There are so many indoor hobbies, where do I start?

Even if you are an active person, spending many a thrilling hour on the golf course, it still pays to supplement outdoor activities with in-house ideas for those cold, rainy days.

Perhaps the golf course is on hold because of self-isolating. Then you definitely want to have some indoor hobbies up your sleeve.

  • Family Trees
    I have a friend who is fascinated by genealogy and has joined such a club. Not only does it occupy much of her spare time, it has taken her to a number of different parts of the world, researching family members.

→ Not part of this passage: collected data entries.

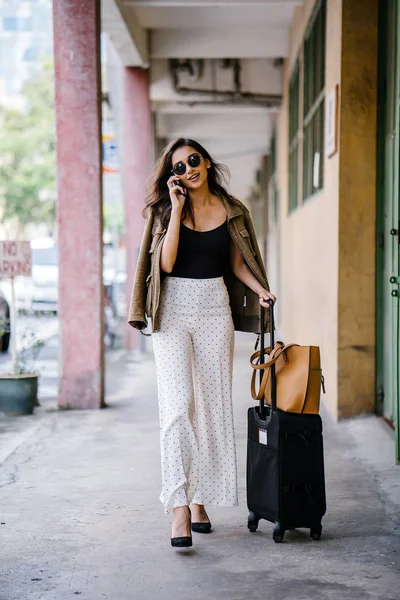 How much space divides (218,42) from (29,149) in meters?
23.5

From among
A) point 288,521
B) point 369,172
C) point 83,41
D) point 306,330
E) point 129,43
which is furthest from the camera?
point 129,43

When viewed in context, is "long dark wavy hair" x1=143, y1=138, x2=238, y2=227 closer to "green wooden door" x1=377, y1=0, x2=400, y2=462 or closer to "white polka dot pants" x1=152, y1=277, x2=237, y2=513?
A: "white polka dot pants" x1=152, y1=277, x2=237, y2=513

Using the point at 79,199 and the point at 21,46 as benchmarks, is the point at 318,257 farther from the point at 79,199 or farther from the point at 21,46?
the point at 21,46

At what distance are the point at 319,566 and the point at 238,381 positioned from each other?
20.6 feet

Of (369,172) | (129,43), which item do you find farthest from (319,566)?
(129,43)

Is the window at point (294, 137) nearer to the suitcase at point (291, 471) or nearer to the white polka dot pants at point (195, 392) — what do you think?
the white polka dot pants at point (195, 392)

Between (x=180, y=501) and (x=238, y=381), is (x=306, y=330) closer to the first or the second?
(x=238, y=381)

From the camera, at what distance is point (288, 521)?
13.4ft

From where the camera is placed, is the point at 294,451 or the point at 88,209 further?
the point at 88,209

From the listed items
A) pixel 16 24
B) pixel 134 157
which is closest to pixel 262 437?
pixel 134 157

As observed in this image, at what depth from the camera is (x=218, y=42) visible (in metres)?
13.0

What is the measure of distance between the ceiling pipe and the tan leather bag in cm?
1069

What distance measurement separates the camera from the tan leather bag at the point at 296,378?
4055 millimetres

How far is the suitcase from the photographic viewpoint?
4066 millimetres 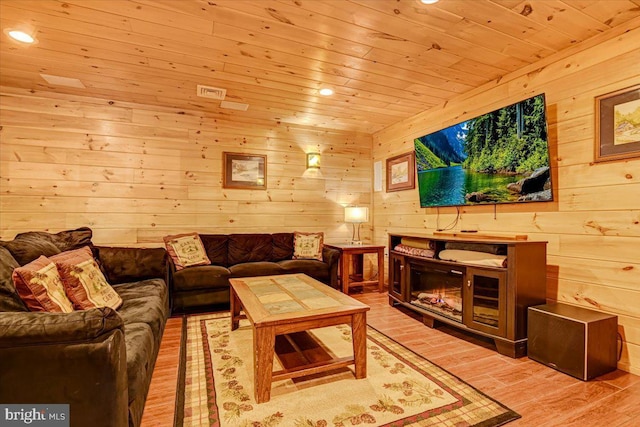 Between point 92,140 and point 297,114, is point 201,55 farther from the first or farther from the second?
point 92,140

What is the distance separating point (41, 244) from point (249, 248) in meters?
2.10

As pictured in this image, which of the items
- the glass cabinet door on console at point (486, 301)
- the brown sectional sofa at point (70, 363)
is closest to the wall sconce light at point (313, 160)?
the glass cabinet door on console at point (486, 301)

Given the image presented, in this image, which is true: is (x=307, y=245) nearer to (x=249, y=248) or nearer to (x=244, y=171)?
(x=249, y=248)

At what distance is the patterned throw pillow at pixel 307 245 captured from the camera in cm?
412

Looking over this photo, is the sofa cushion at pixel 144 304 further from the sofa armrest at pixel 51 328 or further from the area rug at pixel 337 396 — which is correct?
the sofa armrest at pixel 51 328

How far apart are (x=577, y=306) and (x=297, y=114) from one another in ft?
11.2

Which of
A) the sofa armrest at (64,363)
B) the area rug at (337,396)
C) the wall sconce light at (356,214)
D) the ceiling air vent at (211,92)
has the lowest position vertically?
the area rug at (337,396)

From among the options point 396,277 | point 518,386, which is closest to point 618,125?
point 518,386

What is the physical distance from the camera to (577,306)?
2373mm

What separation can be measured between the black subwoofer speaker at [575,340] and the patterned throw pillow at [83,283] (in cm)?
290

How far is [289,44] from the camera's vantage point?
2.42 m

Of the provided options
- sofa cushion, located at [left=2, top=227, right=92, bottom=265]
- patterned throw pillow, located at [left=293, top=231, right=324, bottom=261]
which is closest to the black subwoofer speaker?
patterned throw pillow, located at [left=293, top=231, right=324, bottom=261]

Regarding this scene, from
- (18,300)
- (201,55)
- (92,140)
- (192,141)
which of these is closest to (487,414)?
(18,300)

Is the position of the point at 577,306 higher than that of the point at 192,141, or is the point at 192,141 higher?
the point at 192,141
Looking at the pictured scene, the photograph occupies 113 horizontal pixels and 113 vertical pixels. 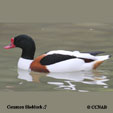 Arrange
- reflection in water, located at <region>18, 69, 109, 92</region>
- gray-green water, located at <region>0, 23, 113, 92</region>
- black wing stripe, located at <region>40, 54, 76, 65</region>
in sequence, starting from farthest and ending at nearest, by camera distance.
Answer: black wing stripe, located at <region>40, 54, 76, 65</region>, reflection in water, located at <region>18, 69, 109, 92</region>, gray-green water, located at <region>0, 23, 113, 92</region>

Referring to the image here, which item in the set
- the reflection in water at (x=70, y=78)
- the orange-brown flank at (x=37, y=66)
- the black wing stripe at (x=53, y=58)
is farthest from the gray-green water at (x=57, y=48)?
the black wing stripe at (x=53, y=58)

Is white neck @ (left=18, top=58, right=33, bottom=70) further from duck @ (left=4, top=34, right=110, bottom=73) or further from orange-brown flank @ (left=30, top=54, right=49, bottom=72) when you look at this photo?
orange-brown flank @ (left=30, top=54, right=49, bottom=72)

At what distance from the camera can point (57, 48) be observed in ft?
58.5

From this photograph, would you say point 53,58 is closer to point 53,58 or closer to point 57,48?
point 53,58

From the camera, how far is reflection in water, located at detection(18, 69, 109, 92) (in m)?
14.1

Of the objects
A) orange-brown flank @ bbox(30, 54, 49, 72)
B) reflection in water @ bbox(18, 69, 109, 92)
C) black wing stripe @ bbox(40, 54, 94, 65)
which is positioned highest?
black wing stripe @ bbox(40, 54, 94, 65)

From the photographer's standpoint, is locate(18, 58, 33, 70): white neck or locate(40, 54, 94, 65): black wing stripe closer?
locate(40, 54, 94, 65): black wing stripe

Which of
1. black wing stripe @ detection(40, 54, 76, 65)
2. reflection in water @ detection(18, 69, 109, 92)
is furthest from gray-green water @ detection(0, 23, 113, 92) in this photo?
black wing stripe @ detection(40, 54, 76, 65)

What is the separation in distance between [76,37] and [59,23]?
2587mm

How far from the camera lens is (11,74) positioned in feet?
49.5

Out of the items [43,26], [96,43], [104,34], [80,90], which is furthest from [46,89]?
[43,26]

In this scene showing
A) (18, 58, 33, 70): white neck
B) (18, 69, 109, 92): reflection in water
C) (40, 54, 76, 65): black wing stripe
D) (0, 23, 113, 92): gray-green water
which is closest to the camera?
(0, 23, 113, 92): gray-green water

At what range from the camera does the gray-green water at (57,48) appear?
13.9 m

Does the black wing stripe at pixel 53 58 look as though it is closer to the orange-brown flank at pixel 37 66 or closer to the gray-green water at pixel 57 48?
the orange-brown flank at pixel 37 66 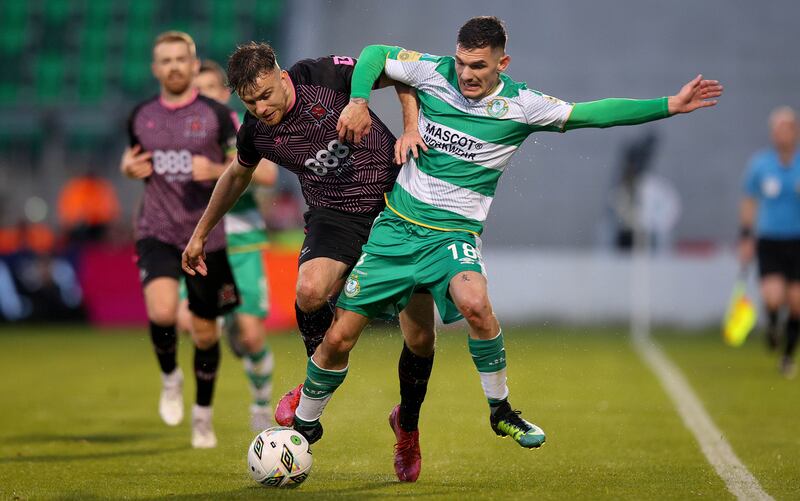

    A family tree can also leave behind quite a legacy for future generations of relatives.
  • Writing a Book
    There are many online courses to help you do this, as well as face-to-face clubs and courses.
    What comes to mind here would be
    • Amazon Kindle Books
    • Self-publishing
    • Securing a contract with a publisher.
    • Writing your own biography to pass onto the kids
  • Crafts
  • Zoom Meetings
    This medium has taken off big time during pandemic-induced lockdowns. But Zoom is not the only online vehicle for distance-get-togethers; many others have also become popular. You could explore something like Zoom for:
    • Running courses online to share your expertise
    • Connecting family members via a regular online hookup
    • Organising an “online” dinner among friends
    • Volunteering to help various groups connect with people who are in need
  • Cooking and Baking
    For many, this is much more than just a survival necessity. Any there are so many blogs that can give you great ideas on how to be more creative in the kitchen.
  • Music
    This can be a hobby that you further explore by yourself or in a group.
    You could consider:
    • Composing new pieces if you are already musical
    • Learning a new instrument
    • Joining a choir or singing group if you have a good voice (even if you haven’t).
  • Online Entrepreneurial Pursuits
    There is a growing list of ideas that you can pursue online to make a little extra income in retirement:
    • Blogging
    • Creating art to sell online on t-shirts and giftware
    • Stock market trading
    • Setting up a commercial website
    • Creating cards for Christmas and birthdays
    • Creating calendars as gifts

Most Popular Retirement Hobbies

So which of these activities have other retirees embraced? Which are considered the most popular?

This of course depends on the individual. Fortunately we are not all the same which means that when we get together we have a variety of interests to discuss.

A very interesting survey has been completed in the UK and published by McCarthy & Stone.

It probably comes as no surprise that country walks was one of the more popular activities listed by retirees.

The top 10 list included many of activities we have already mentioned. The survey findings are definitely worth reading. You can see the survey results here.

Now that you have the time, enjoy exploring the many hobbies, courses, clubs and entrepreneurial ideas that are currently at your disposal.